Make the silent heard and the invisible seen.

Friday, May 13, 2011

They are coming for us, again


It isn’t easy being gay. There’s the day-to-day drudgery of being fun, fit, fabulous and fashionable. Everyone wants to be your bf or bff. At this time of year, the logistics of planning for pride season - what-to-wear, hows-my-hair and party favs - which begins in important earnest in June, can make even the spinniest of us so spun out, like a sweaty, whirling dervish huffing helium on a laser-lit dance floor mixing it up to the beat and the bodies. (So 80s - the huffing helium, part.) And there’s beating the body back into beachwear buffness, not to mention being single. Still!

As if that’s not enough to contend with, this week alone there has been more than enough news, most of it bad, to blow a boy’s brain, thank you very much. It's crazy.
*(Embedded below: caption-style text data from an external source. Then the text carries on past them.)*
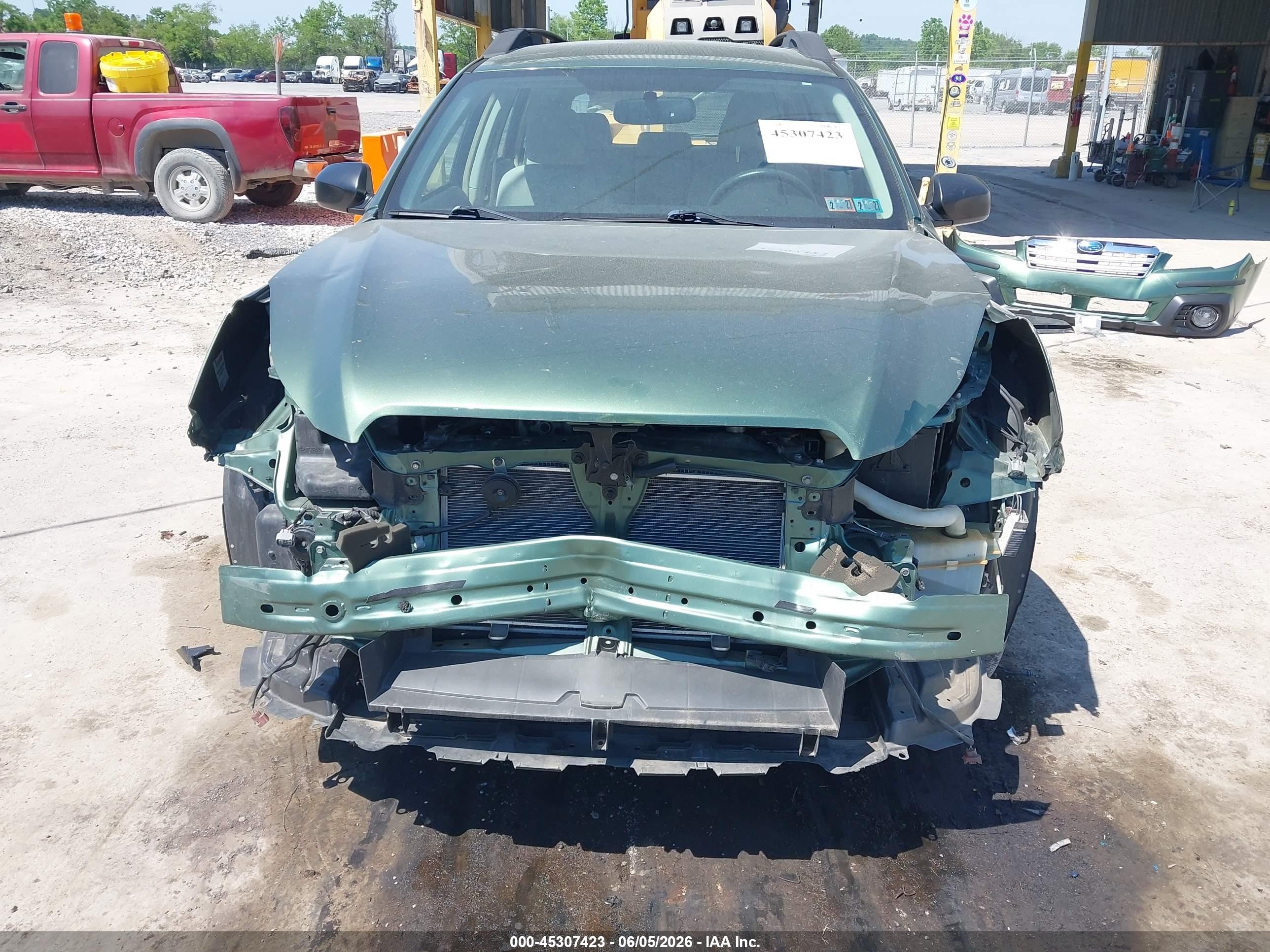 2014 Subaru Outback 2.5i Green vin: 4S4BRBAC1E3258645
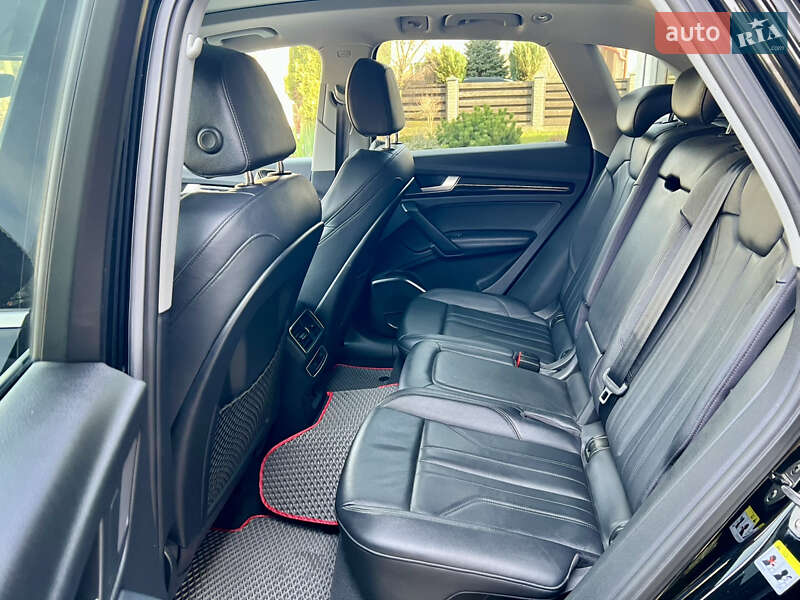 Внедорожник / Кроссовер Audi Q5 2017 в Бродах
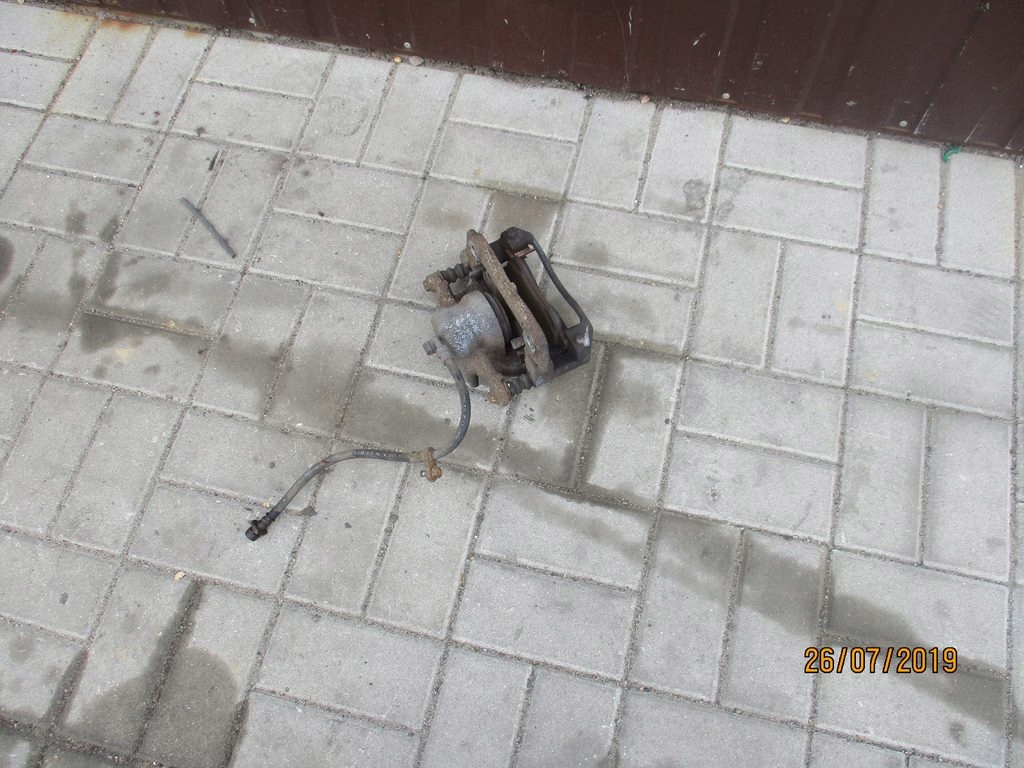 фото №1, Суппорт тормозной правый перед honda cr-v iii 2.0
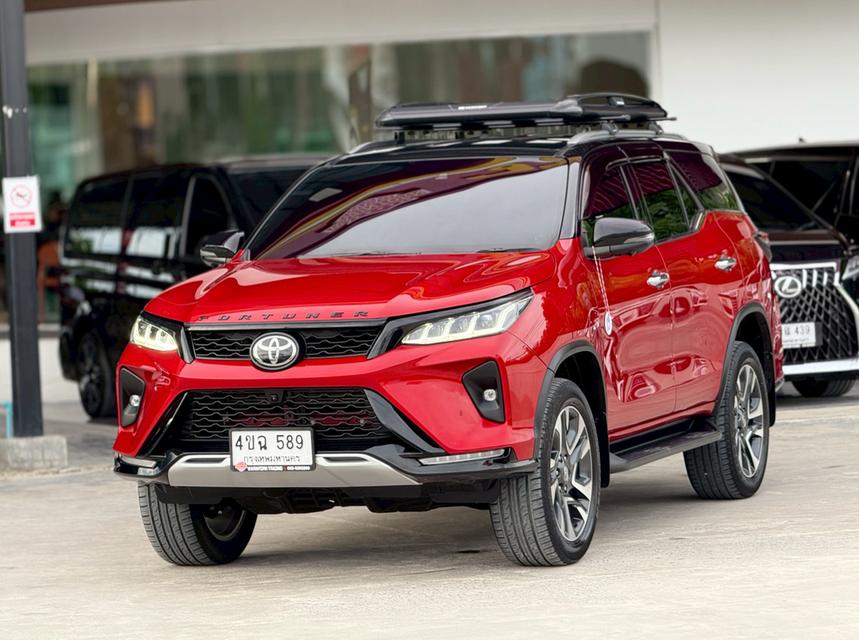 TOYOTA FORTUNER 2.4 LEGENDER 2023 
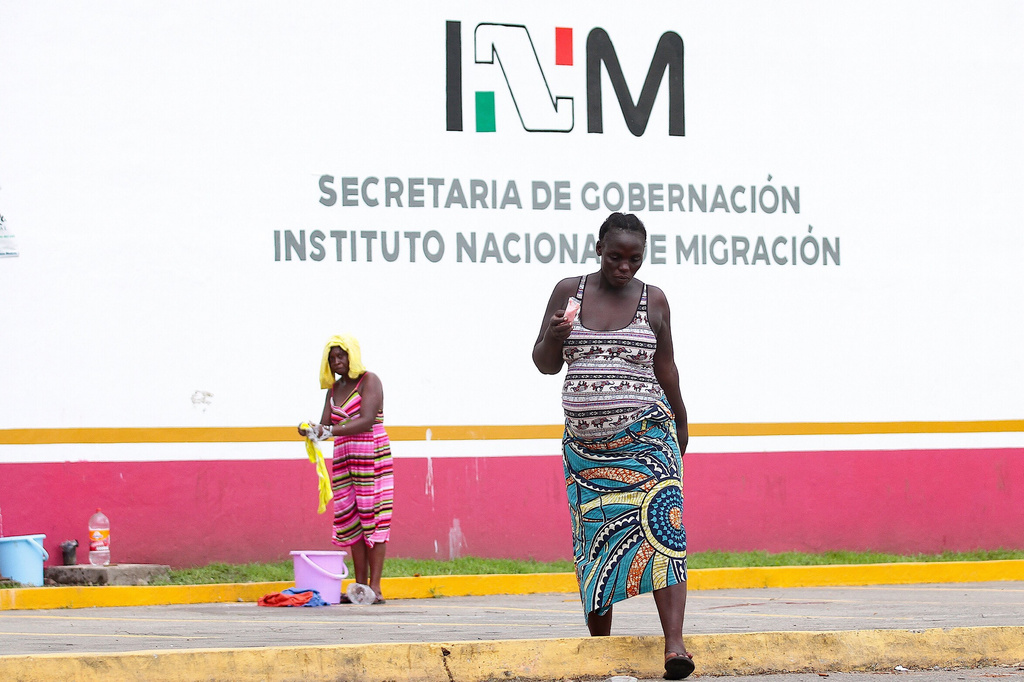 Los migrantes de 15 nacionalidades de África podrían regularizar su situación legal con la tarjeta de residencia permanente. (NOTIMEX)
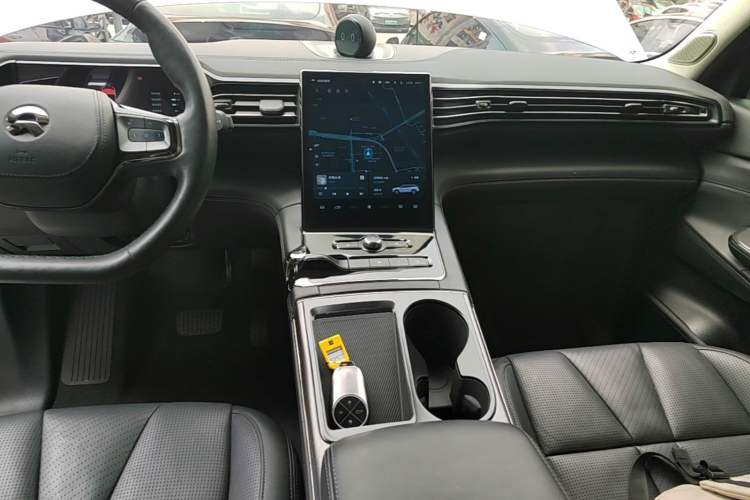 Used Nio ES8 2020 415 km Signature Edition 6-Seater Version Audio And AC Panel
I can image poor gay heads popping - exploding even! - and not in a done-blowed-up-real-good kind of way. Because on top of the tanning and the shopping and the party planning there is the none-too-small matter of a pogram in Africa, ridiculous remarks by a Canadian Conservative leader and a professional sports agent, homophobic teachers in our schools and, well, it's all a bit too much even for us - the smart, sexy and successful set. We are successful because we have put great effort into our lives, and we can work it, bitches.

I once heard a definition of what it means to be a successful man by a true survivor. I went something like this: If you have one person, one friend, one other soul in your life who – when “they” come for you; and they will come for you, if not today or tomorrow or sometime, they will come for you. If there is that one soul who, when you’re running for your life from them, will take you in and shelter you and give up their life for you then you are a successful man.

Well, they are coming for us, as they always have.






It makes you stop. It makes you think that the decision that has been weighing so heavily on your mind lately – whether to go with short or long hair this summer – is all that important.

Harvey Milk Day is 10 days away. It is celebrated around the world on May 22nd. The very least we can do to honour his legacy as our hero and a heavy-weight champion of human rights, is to do what Harvey did: recruit. Yea, I said it: recruit.

Thirty-three years ago, Harvey gave his famous Hope Speech, which he began by saying:
“My name is Harvey Milk and I’m here to recruit you.”
He was the first political figure that I am aware of who recruited for a cause called hope.
“And the young gay people… The only thing they have to look forward to is hope. And you have to give them hope. Hope for a better world, hope for a better tomorrow, hope for a better place to come to if the pressures at home are too great. Hope that all will be all right. Without hope, not only gays, but the blacks, the seniors, the handicapped, the us'es, the us'es will give up.”
We can’t give up. We just can’t. We must keep putting great effort into our lives and others. 

We can do all that is gay – the fun, the fabulousness, the fashion, the fitness and, yes, the fucking – and we can fight. We’ve done it before and we will be called on to do it again and again because they will always come for us. We’re gay. We are the very definition of successful, in every sense of the word. Beat that. You can't. Not anymore. We'll beat back.

If they come this way, here at the end-of-the-road on British Columbia's Sunshine Coast, I'll kick their ass.

My name is Dave Brindle and I’m here, as Harvey said, to recruit “you and you and you, you have to give people hope.” What’s your name?